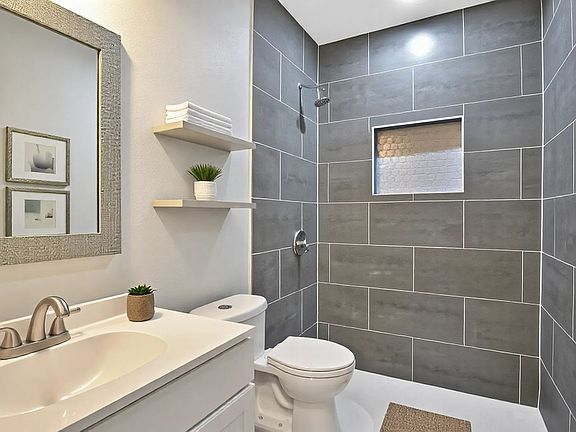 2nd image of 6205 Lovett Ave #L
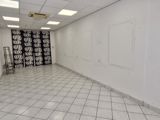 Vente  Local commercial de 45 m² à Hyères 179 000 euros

==

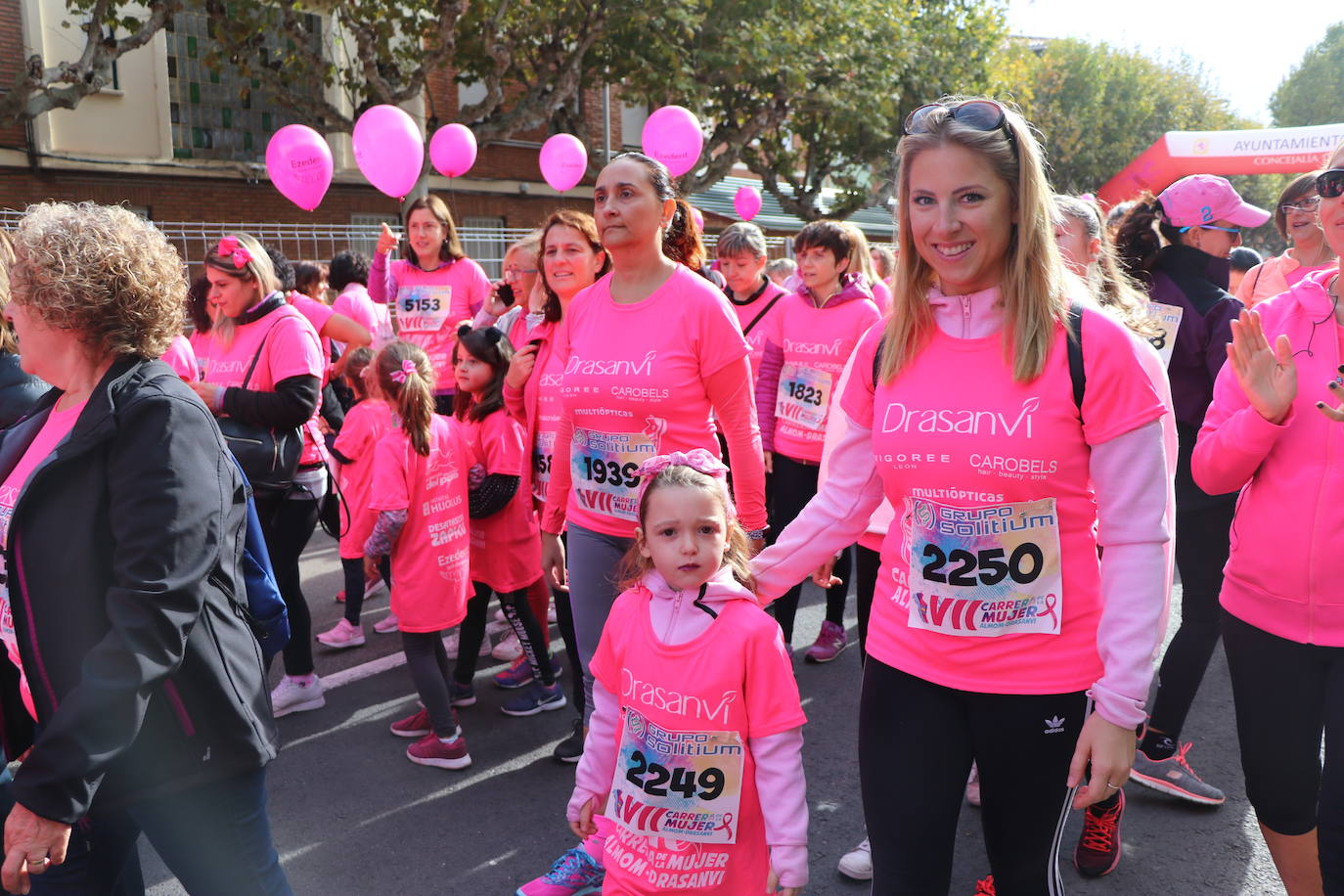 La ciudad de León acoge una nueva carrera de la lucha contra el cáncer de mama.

### ASSIGNMENT
In the material above, which lines fall between the one holding "2nd image of 6205 Lovett Ave #L" and the one holding "Hyères 179 000 euros", inclusive? Print exactly those, with the pictures left out.

### RESPONSE FOR THIS EXERCISE
 2nd image of 6205 Lovett Ave #L
 Vente  Local commercial de 45 m² à Hyères 179 000 euros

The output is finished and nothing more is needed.